I wrote this as part of a Linkedin Nulcear Safety Culture Group. In sum, the nuclear industry, and many outside that industry, while understanding some of the behaviors and processes necessary for healthy culture, don’t have a clear grasp of the emotional nature of culture and human systems, and the role that leadership must play to set the optimum emotional tone.
Here’s my response to the group:
Hi Madalina, Thanks for the invitation, and I am very much looking forward to my upcoming visit to Bucharest.
Looking through your conversation I have several thoughts. For one, I agree that a sound management system “should ideally encompass all elements.” The same cultural elements that support nuclear safety, such as encouraging eomplyees to voice concerns, are also essential to industrial safety, quality, morale, high performance, and so on. You and Mr. Holohan cite some very useful sources. Unfortunately they have a common blindspot. The key variable in human systems is the leadership’s capcity to create a climate where hierarchy provides structure (who is responsible for what, who decides what) but doesn’t fuel fear. Fear is natural in a hierarchy (call it caution, if you are more comfortable with that), and it takes intentional and consistant behavior to reduce it so that relible information flows. This requires leaders with high EQ and a rational knowledge of the emotional nature of human systems.
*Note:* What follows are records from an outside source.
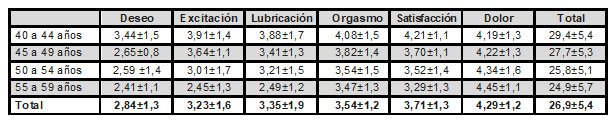 Cambios de la función sexual, con la edad, en mujeres en climaterio en el Grupo B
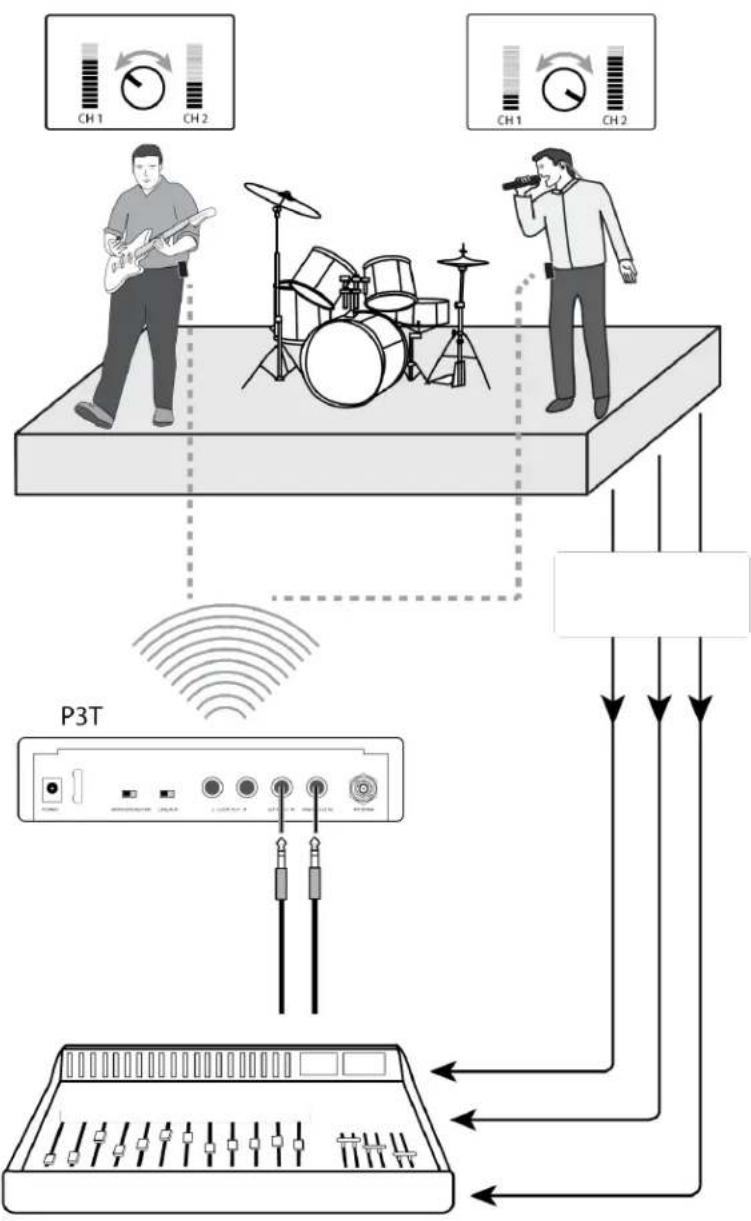 SHURE P3TE-K3E - System Overview - 1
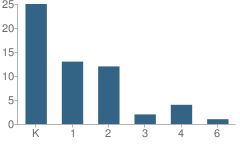 Number of Students Per Grade For Montage Academy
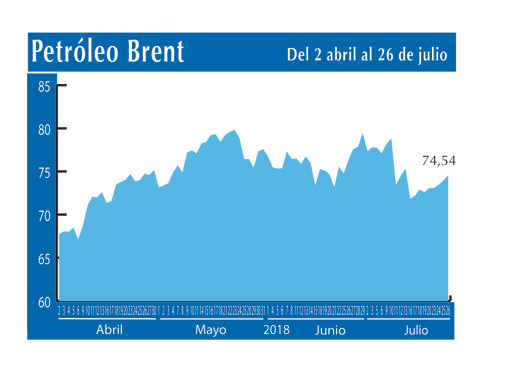 Petroleo Brent 26 7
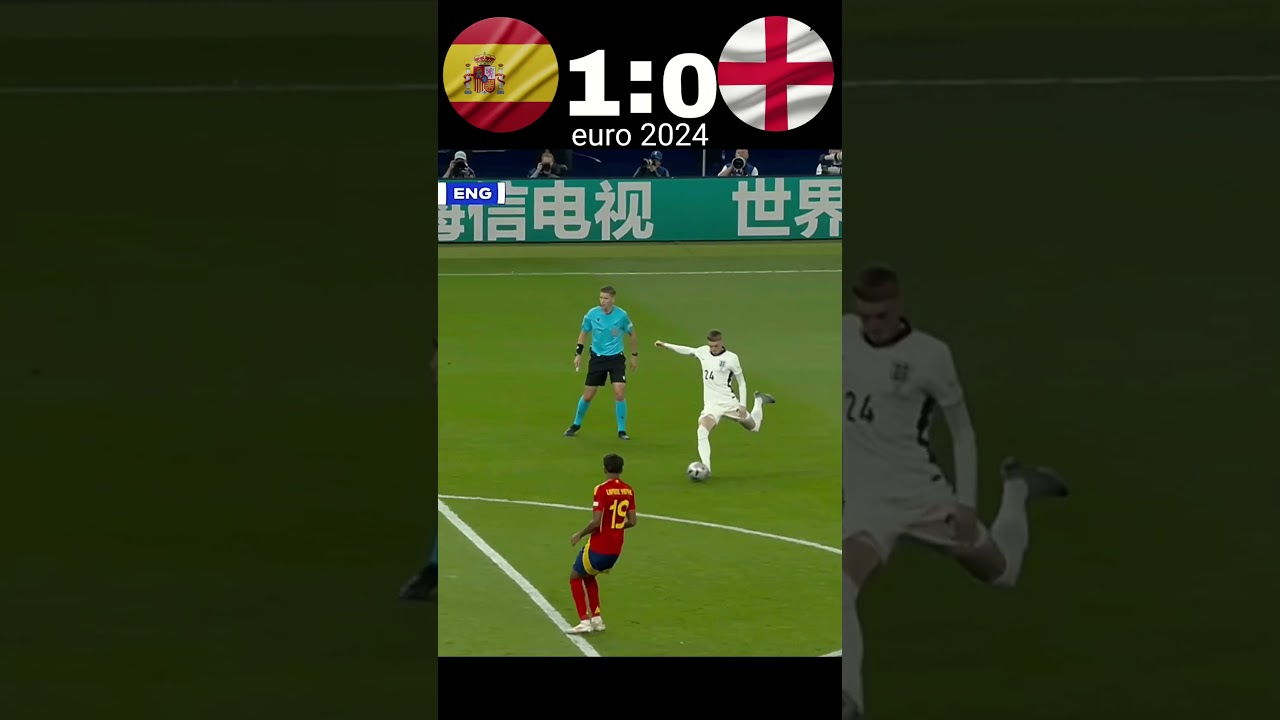 Spain vs England Euro 2024 Preview ⚽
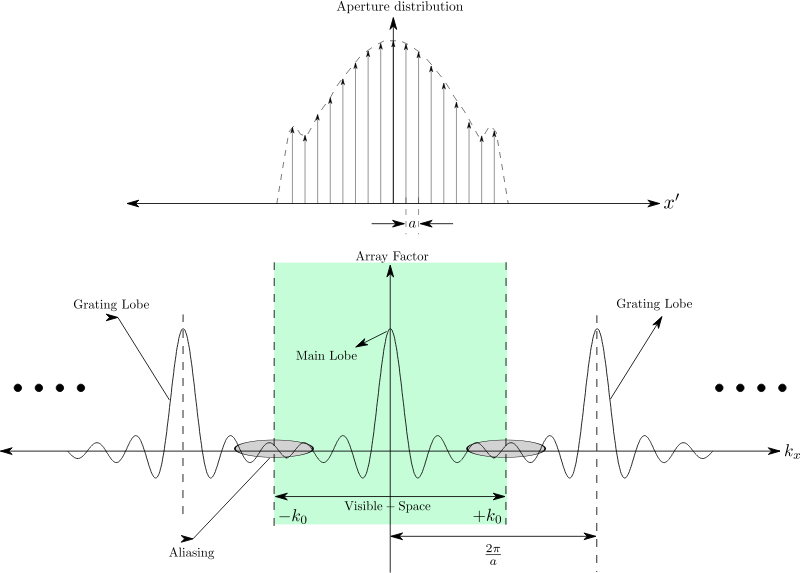 Array Factor Discrete Array
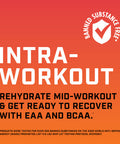 Gnc Unbreakable Performance Amino | Feul + Recover, Banned Substance Free | Berry-On Acai | 30 Servings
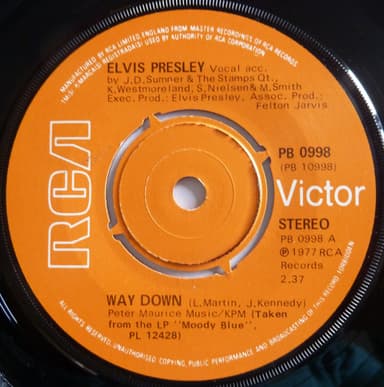 Album Cover Art for Way Down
INPO recognizes this blindspot in their human performance coaching to the US industry, and is embarking on a leadership development program. Unfortunately I’m afraid it will be primarily a traditional classroom approach. One doesn’t learn about and change how the manage emotion by reading about it or listening to theory. Some of that sets the stage, but the reliable path to learning about EQ is through dissecting the emotions in one’s own interactions. This takes live unscripted interaction with skilled guidance and coaching. I helped deliver that type of learning to PECO Nuclear for years, but it is little known or understood in the rest of the industry.